The risk of a US government shutdown comes at a moment when financial markets are hyper-sensitive to new disruption. Two weeks of heightened market volatility have already inflicted losses for investors and pushed Wall Street strategists to cut their forecasts for US stocks, while the Federal Reserve has adopted a patient approach to interest-rate cuts.
“A timely pivot to tax cut package will be rather important for the market given investors’ poor mood on various tariff threats,” said Homin Lee, senior macro strategist at Lombard Odier. “So any legislative setback like shutdown that undermines such expectation could become an issue.”
Equity strategists have recently tempered their expectations about the US market.

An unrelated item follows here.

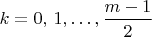 $k=0,\,1,\ldots,\dfrac{m-1}{2}$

Goldman Sachs Group Inc. became the latest to sound the alarm, following those at Citigroup Inc. and HSBC Holdings Plc. Earlier this week, Citi downgraded US equities to neutral from overweight while upgrading China to overweight.
Growth Scare
The renewed volatility is because of “late realization by the markets that one soft CPI print may not change the Fed’s trajectory right away,” said Charu Chanana, chief investment strategist at Saxo Markets. “Growth scare at this point is a bigger concern that is not relieved, only enhanced, by a softening inflation print,” she said.
Still, some strategists think a bottom for US stocks is “probably” here. The worst of the US equity correction may be over, with credit markets indicating a lower risk of a recession happening, according to JPMorgan Chase & Co.